**Exercise prompt**
Output the entries as they appear, skipping images.
-=-=-
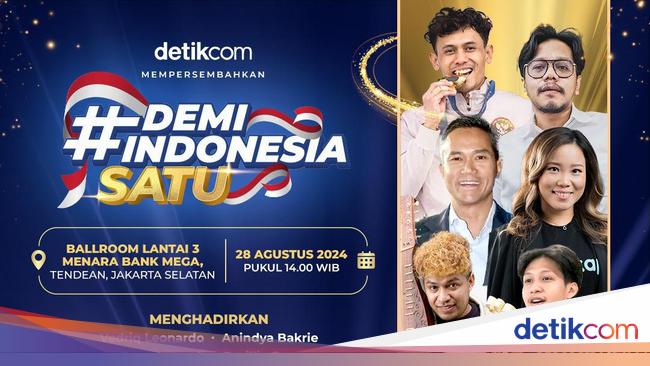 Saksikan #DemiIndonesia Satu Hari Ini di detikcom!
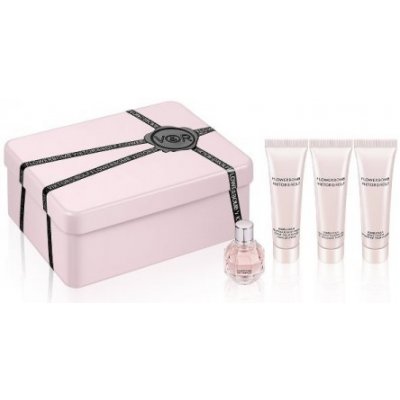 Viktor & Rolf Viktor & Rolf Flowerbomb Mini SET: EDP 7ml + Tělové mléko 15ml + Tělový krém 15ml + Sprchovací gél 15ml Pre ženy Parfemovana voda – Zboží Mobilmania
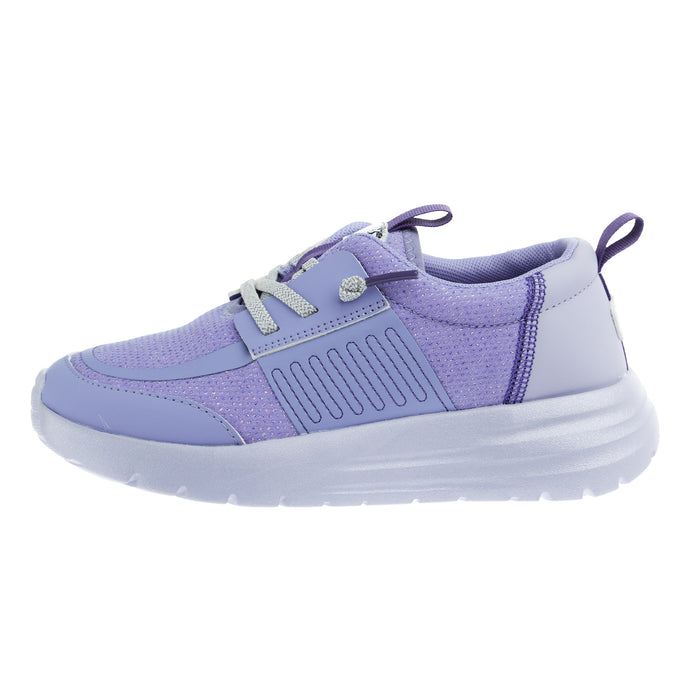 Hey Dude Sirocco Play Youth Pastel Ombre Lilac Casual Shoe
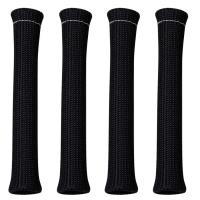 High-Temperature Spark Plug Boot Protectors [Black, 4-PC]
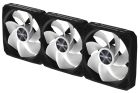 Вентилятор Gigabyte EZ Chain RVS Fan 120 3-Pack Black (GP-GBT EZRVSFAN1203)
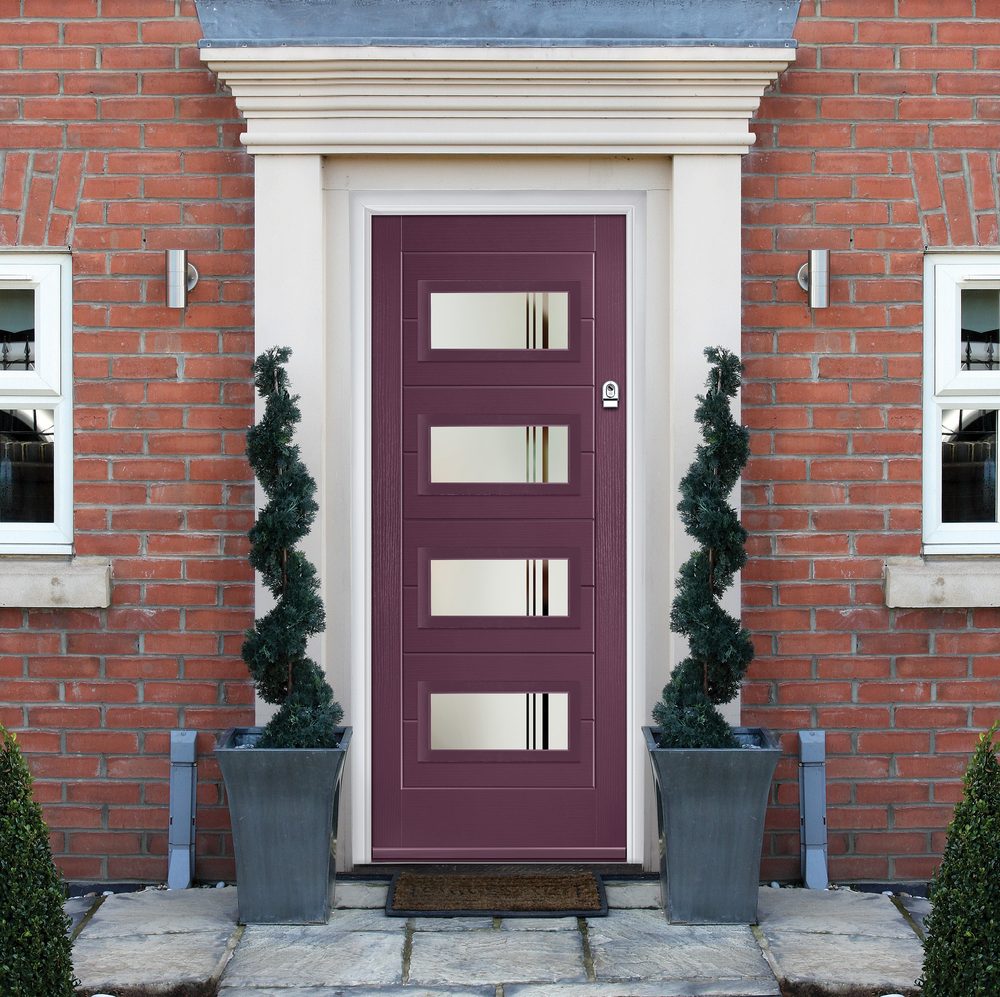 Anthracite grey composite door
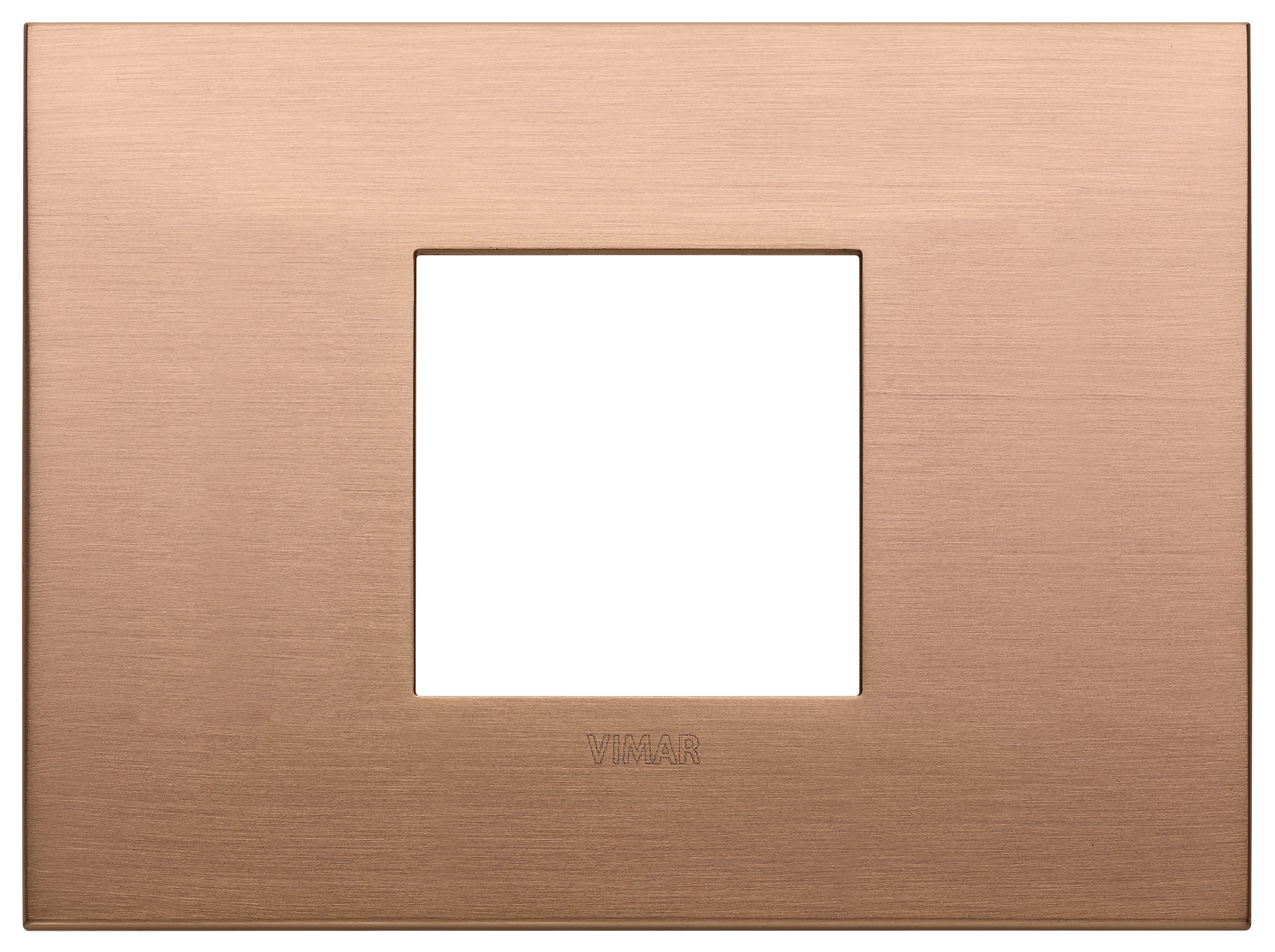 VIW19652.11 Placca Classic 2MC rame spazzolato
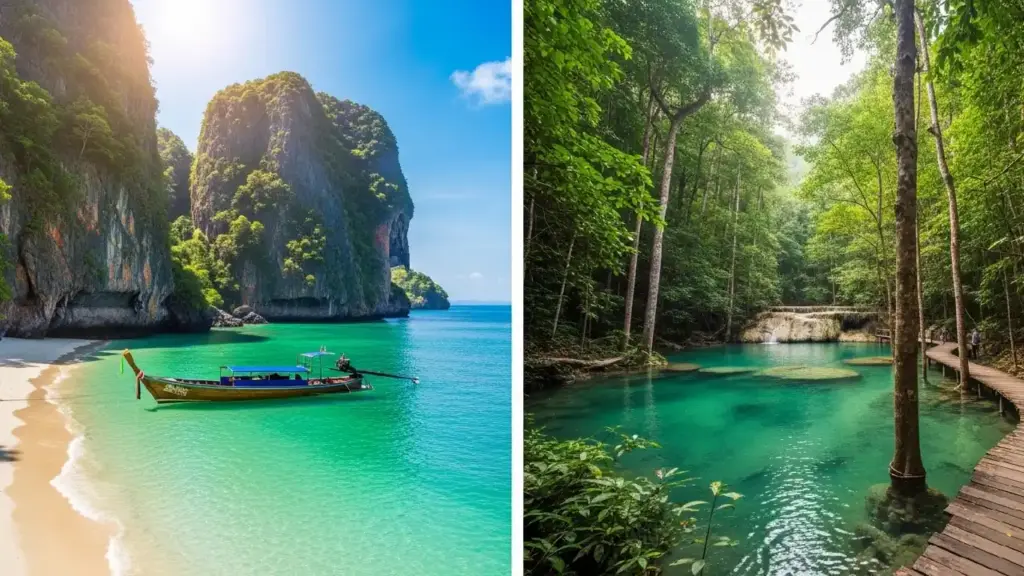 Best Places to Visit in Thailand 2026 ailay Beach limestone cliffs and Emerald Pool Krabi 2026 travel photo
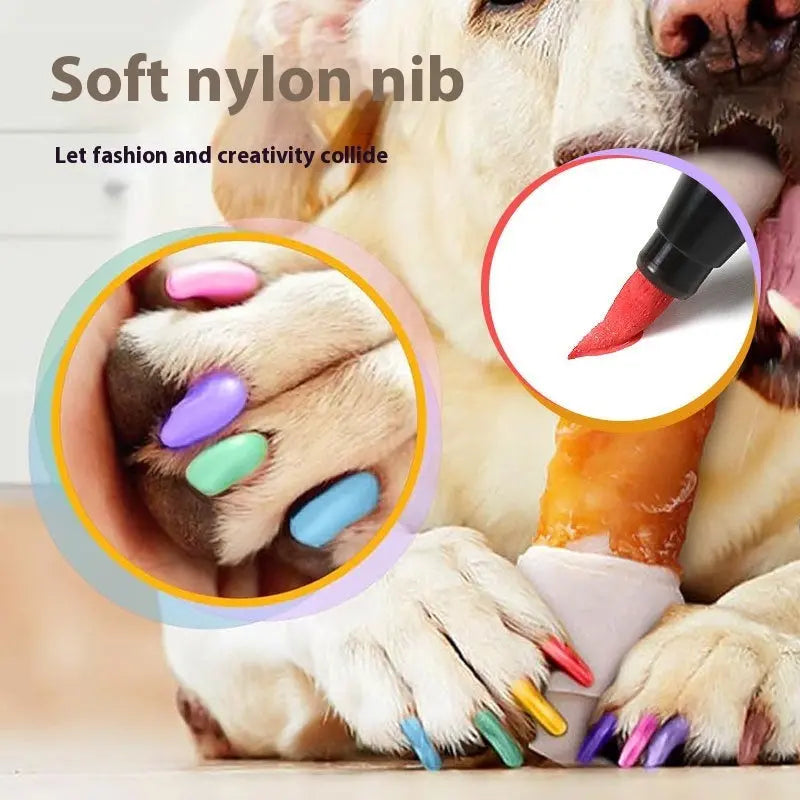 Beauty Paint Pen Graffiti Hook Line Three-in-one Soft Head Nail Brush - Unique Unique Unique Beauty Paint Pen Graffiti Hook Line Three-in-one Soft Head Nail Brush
-=-=-
**Written response**
 Saksikan #DemiIndonesia Satu Hari Ini di detikcom!
 Viktor & Rolf Viktor & Rolf Flowerbomb Mini SET: EDP 7ml + Tělové mléko 15ml + Tělový krém 15ml + Sprchovací gél 15ml Pre ženy Parfemovana voda – Zboží Mobilmania
 Hey Dude Sirocco Play Youth Pastel Ombre Lilac Casual Shoe
 High-Temperature Spark Plug Boot Protectors [Black, 4-PC]
 Вентилятор Gigabyte EZ Chain RVS Fan 120 3-Pack Black (GP-GBT EZRVSFAN1203)
 Anthracite grey composite door
 VIW19652.11 Placca Classic 2MC rame spazzolato
 Best Places to Visit in Thailand 2026 ailay Beach limestone cliffs and Emerald Pool Krabi 2026 travel photo
 Beauty Paint Pen Graffiti Hook Line Three-in-one Soft Head Nail Brush - Unique Unique Unique Beauty Paint Pen Graffiti Hook Line Three-in-one Soft Head Nail Brush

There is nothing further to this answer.